WORK TASK:
From the line with "Duży biały plafon" to the end of the data below, restate each line word for word, both ends included, without the pictures.

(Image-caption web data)
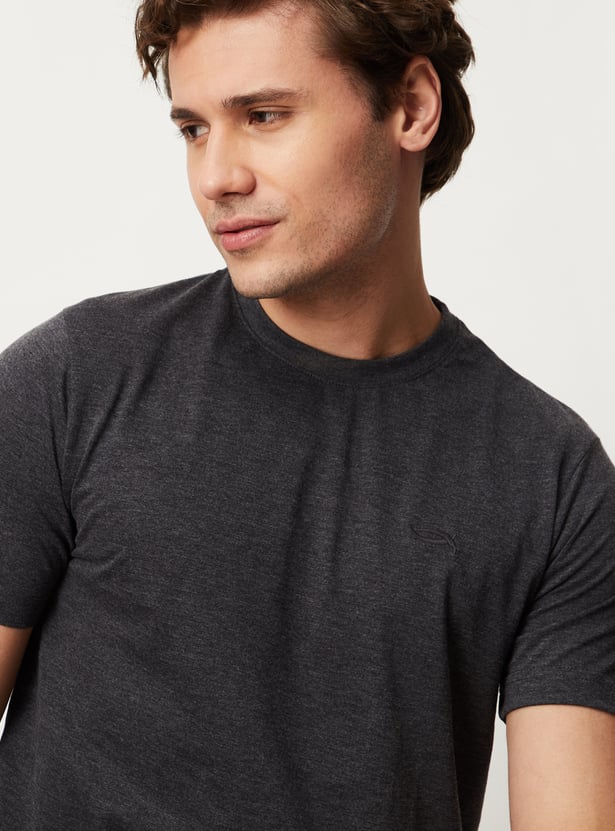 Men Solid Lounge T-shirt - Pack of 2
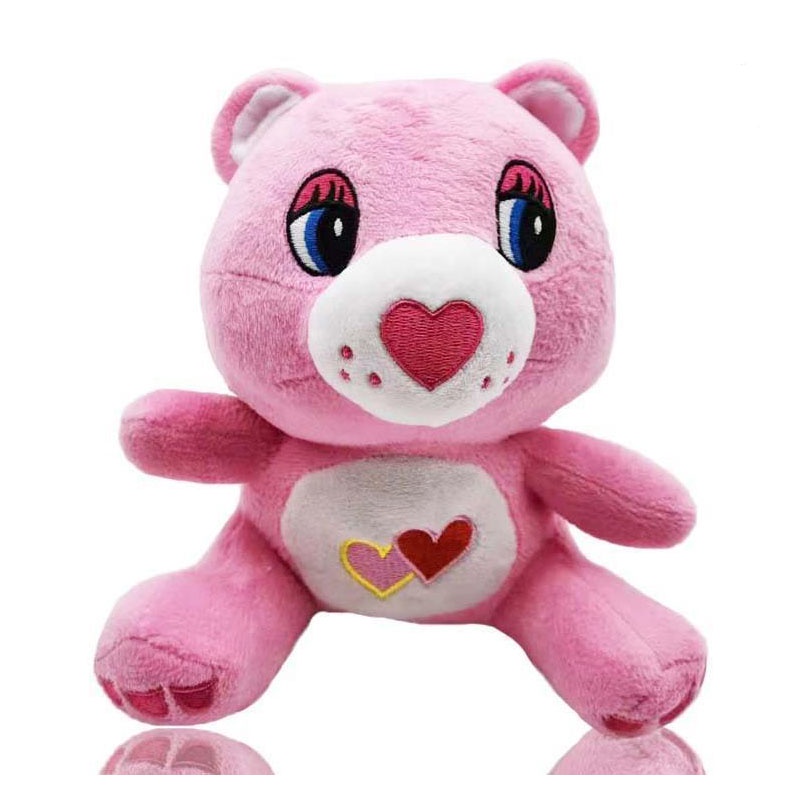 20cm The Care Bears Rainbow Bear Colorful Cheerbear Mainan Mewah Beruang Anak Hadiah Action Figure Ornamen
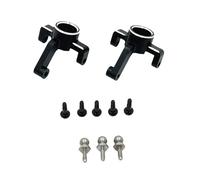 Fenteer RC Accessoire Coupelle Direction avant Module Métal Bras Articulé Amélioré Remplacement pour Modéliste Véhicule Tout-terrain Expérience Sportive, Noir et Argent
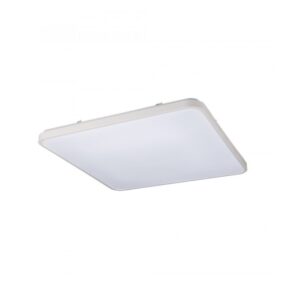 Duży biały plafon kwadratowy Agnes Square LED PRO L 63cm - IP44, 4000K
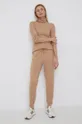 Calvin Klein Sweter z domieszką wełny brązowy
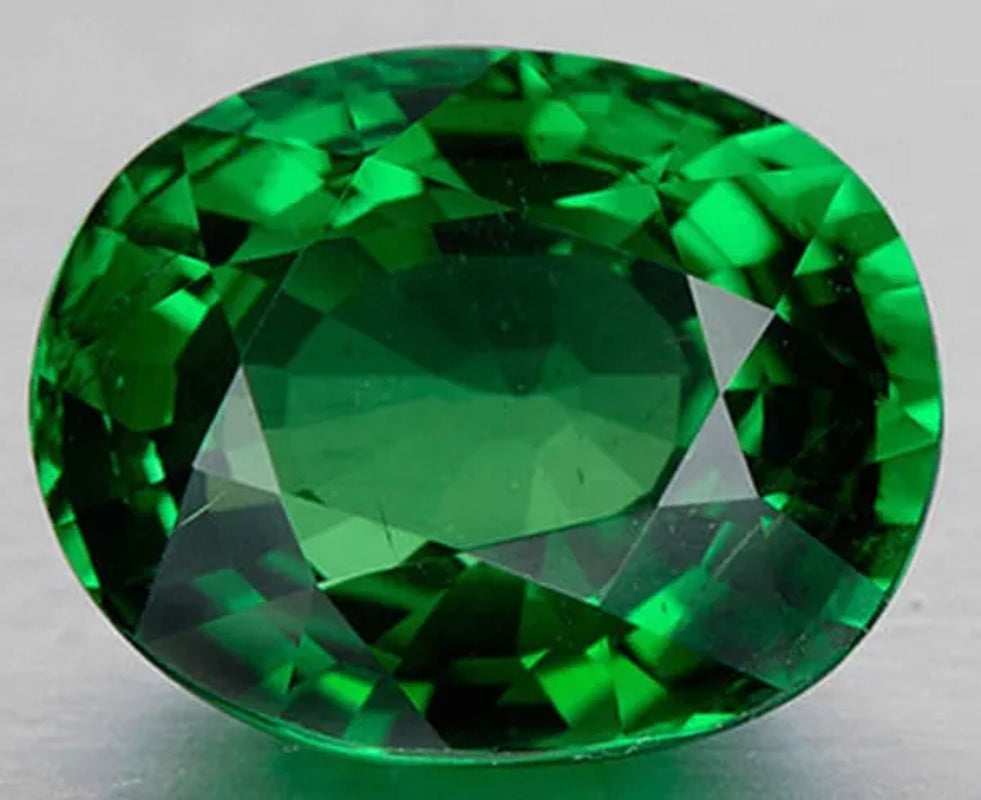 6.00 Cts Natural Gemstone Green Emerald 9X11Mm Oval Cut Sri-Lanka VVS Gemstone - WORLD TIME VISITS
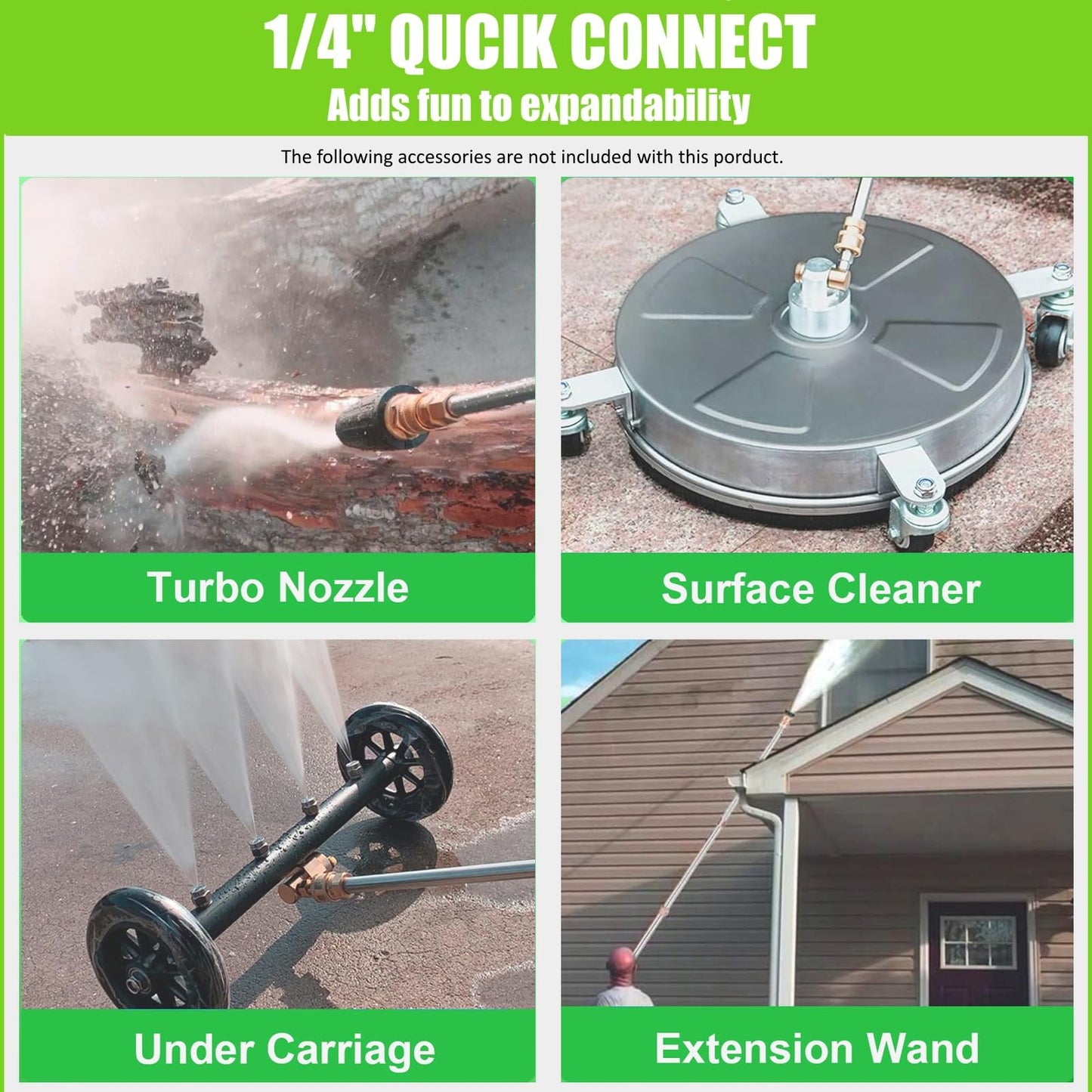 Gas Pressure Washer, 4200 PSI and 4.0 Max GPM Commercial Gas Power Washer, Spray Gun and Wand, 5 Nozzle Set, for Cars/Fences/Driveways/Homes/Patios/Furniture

EXPECTED ANSWER:
 Duży biały plafon kwadratowy Agnes Square LED PRO L 63cm - IP44, 4000K
 Calvin Klein Sweter z domieszką wełny brązowy
 6.00 Cts Natural Gemstone Green Emerald 9X11Mm Oval Cut Sri-Lanka VVS Gemstone - WORLD TIME VISITS
 Gas Pressure Washer, 4200 PSI and 4.0 Max GPM Commercial Gas Power Washer, Spray Gun and Wand, 5 Nozzle Set, for Cars/Fences/Driveways/Homes/Patios/Furniture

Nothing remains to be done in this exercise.